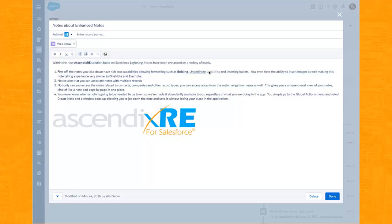You'll also notice that we can insert images, really dressing up the note and making the experience very similar to OneNote or Evernote.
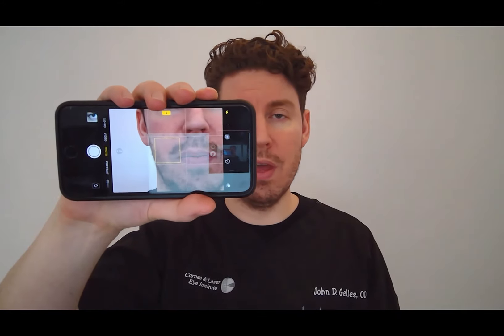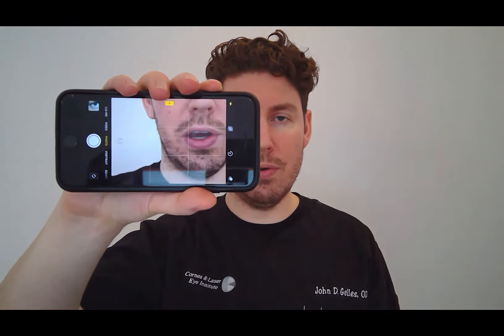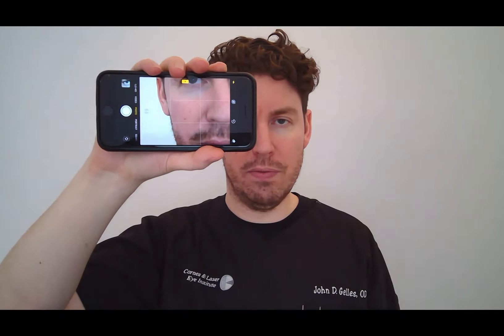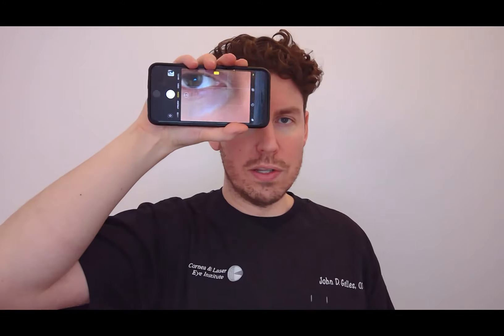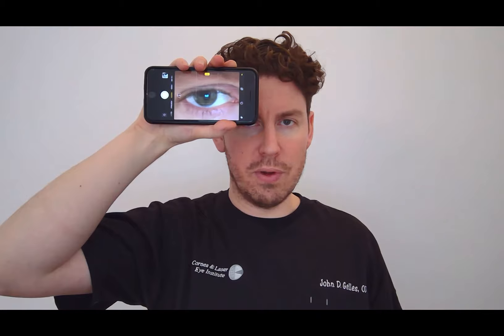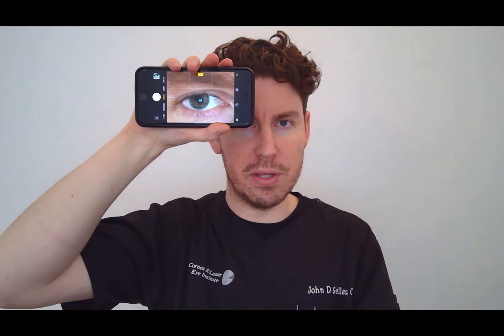Once you've done that, you want to go ahead and hold the phone up in the horizontal orientation. Once you're there, I want you to go ahead and start bringing the phone in towards your eye. You want to be about 4 inches away from the eye before you take the image. You want to make sure that your eye is nice and centered within the frame and it fills the frame. You can capture the image either by pressing the button or by using your volume buttons.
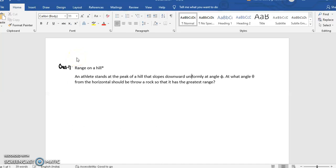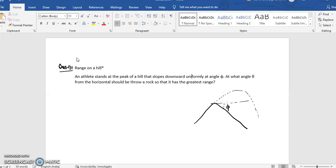This is question 1.21 of Kleppner-Kolenkow. In this question we have a hill making an angle phi with the horizontal, and a person is throwing a stone onto the hill. The stone can be thrown at different angles, covering different ranges on the hill. We are asked: at which angle theta should it be thrown so that the range on the hill is maximum?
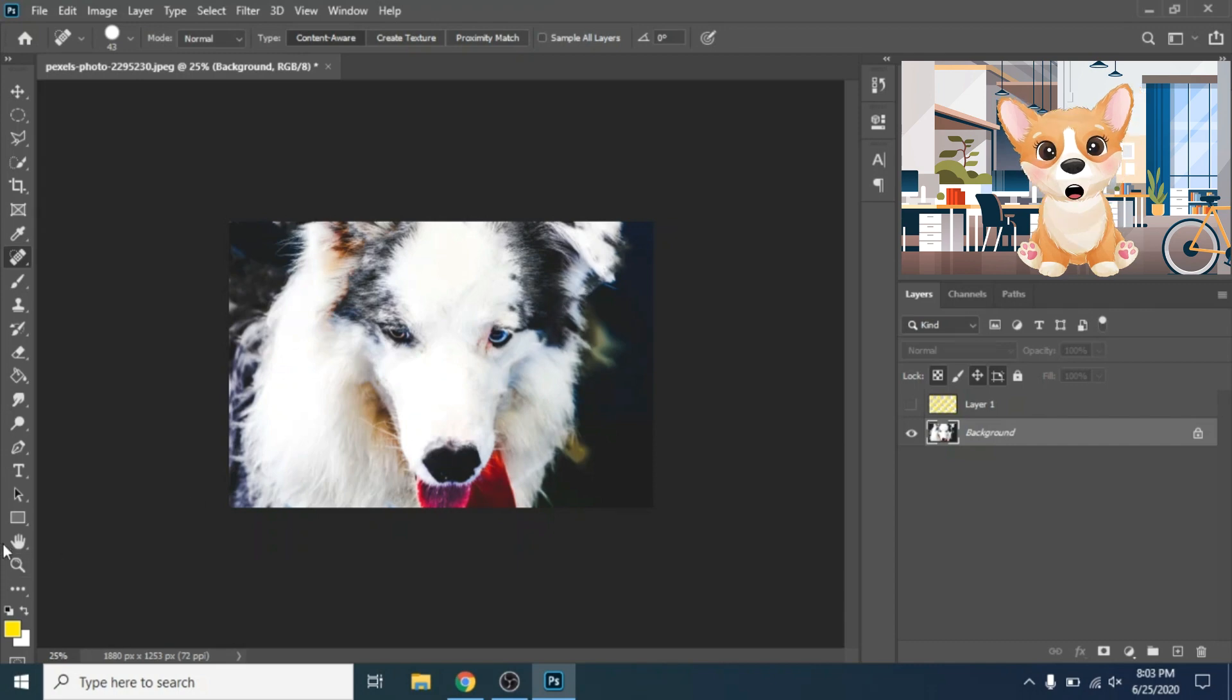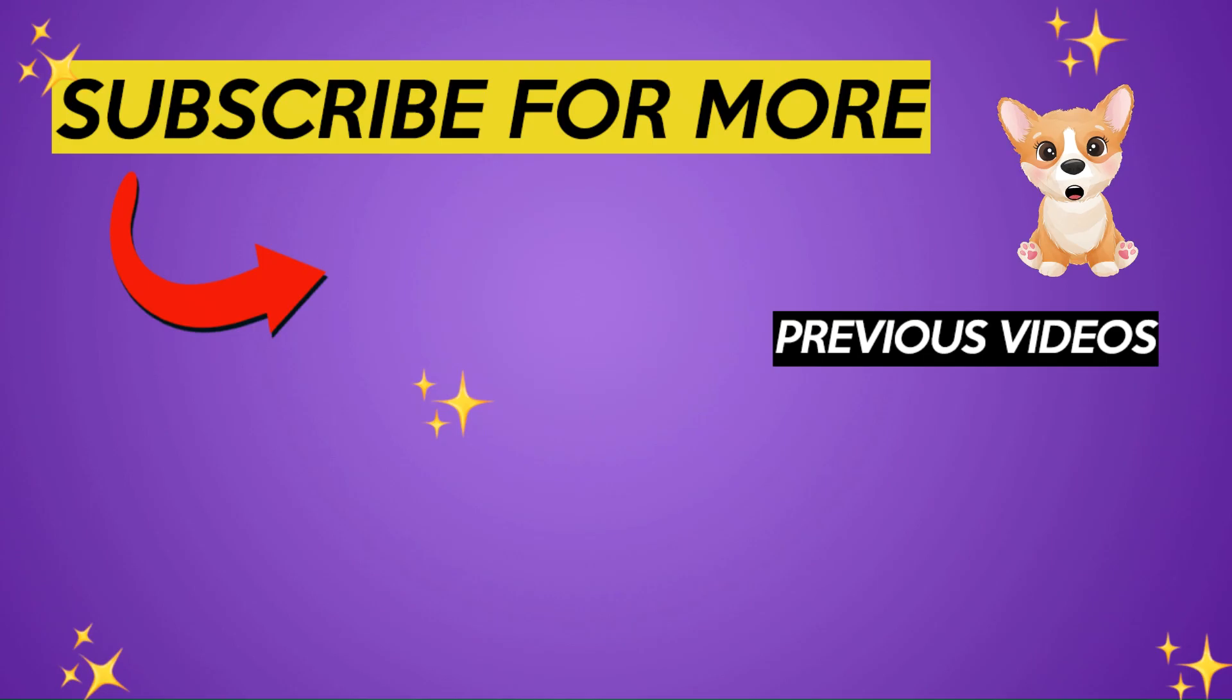Hope you like this video, if so, leave a like and subscribe for more.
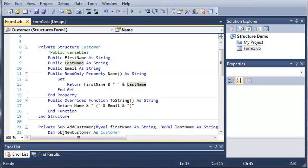Hello YouTube. Sam here from youtube.com/onlivegamer. In this tutorial, we're going to be finishing our customer application.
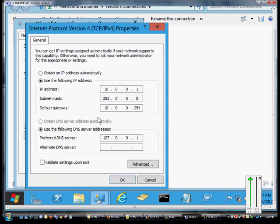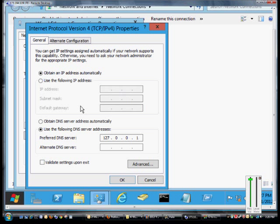Go ahead and double click on that and from here we've got Use the following address. We're going to change that to Dynamic, Automatic and now it's going to pick up whatever IP address that the DHCP server can give it.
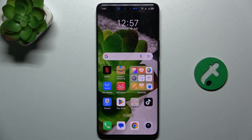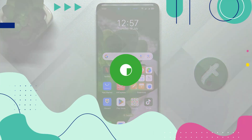Hello! In this video I'm gonna show you how to get rid of ads on Honor 200 Pro by configuring Private DNS.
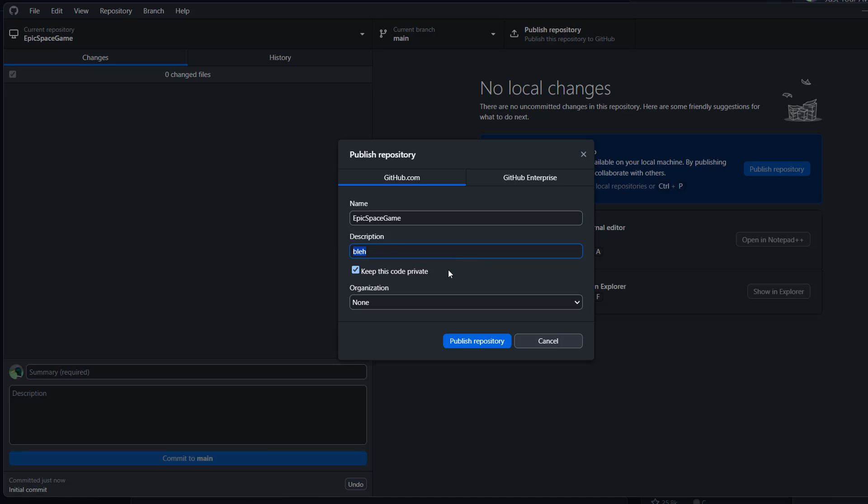If you want only you and anyone you invite to your repo to be able to view the code, you want to keep this code private tick box ticked. But if you want anyone to be able to view this code and make changes, you can untick this. But I'll keep it ticked.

◆ **Brief**
Reproduce only the lines from the beginning of the data through the line that contains "Once you've done", both included, and please drop the pictures.

◆ **Written solution**
You'll also notice that we can insert images, really dressing up the note and making the experience very similar to OneNote or Evernote.
Once you've done that, you want to go ahead and hold the phone up in the horizontal orientation. Once you're there, I want you to go ahead and start bringing the phone in towards your eye. You want to be about 4 inches away from the eye before you take the image. You want to make sure that your eye is nice and centered within the frame and it fills the frame. You can capture the image either by pressing the button or by using your volume buttons.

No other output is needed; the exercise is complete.